IPI Process Overview

The Instructional Practices Inventory process is a set of strategies for profiling student cognitive engagement across six categories so faculty who study the profiles will view the data as a fair and accurate representation of engagement for the school and thus be comfortable collaboratively studying and problem solving the data and creating a sustained focus on student engagement that will influence instructional design and thus student learning. In the IPI process, teachers-leaders collect data about school-wide engagement and facilitate faculty collaborative study of the data.  All faculty have the opportunity to reflect upon the data and deepen their understanding of how to most effectively engage students in their respective classrooms. The IPI is a teacher-led, teacher empowering process.  The IPI process does not focus on or profile individual teachers or classrooms and it was not designed for, nor should it be used for, supervisory or evaluative purposes.

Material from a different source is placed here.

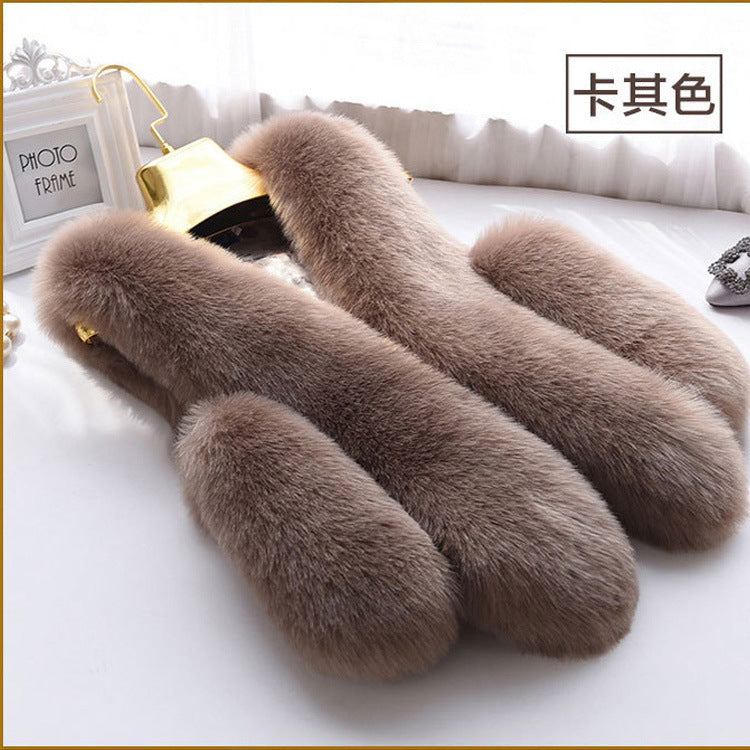 Fashion Women Artificial Fox Fur Sleeveless Vest-vest-Khaki-S-Free Shipping Leatheretro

Professional journals, school improvement books, and sessions at professional conferences are replete with discussions about the importance of student engagement.  Increasing the time students spend cognitively engaged in learning is associated with increased student achievement.  Increasing the time students spend in higher-order, deeper thinking is also associated with increased student achievement and, perhaps more importantly, the development of life-long thinking skills.  These relationships with achievement are evident regardless of how student achievement is measured.  Increases are apparent even when the measure is a predominantly recall-format high-stakes state assessment (Kumar, 1991; Goff and Ackerman, 1992; Yair, 2000; Hattie, 2009; Collins, 2009; Collins and Valentine, 2010, 2011; Valentine and Collins, 2009a, 2009b, 2011).  Clearly, meaningful engagement in learning is a vital element for student academic success.


Likewise, it is common knowledge that when faculty collaboratively study and problem solve together using information directly related to student achievement, professional growth evolves individually and collectively. The more frequent the faculty collaborative study and problem solve data directly related to classroom instruction and learning, the greater the impact on student achievement (Hattie, 2009; Collins, 2009; Valentine and Collins, 2009b; Valentine 2010).  Collaboration is a vital ingredient for cohesive professional development throughout the school (NSDC, 2001) and a basis for developing collective commitment and collective efficacy and optimism (Valentine, 2009; Valentine, 2010).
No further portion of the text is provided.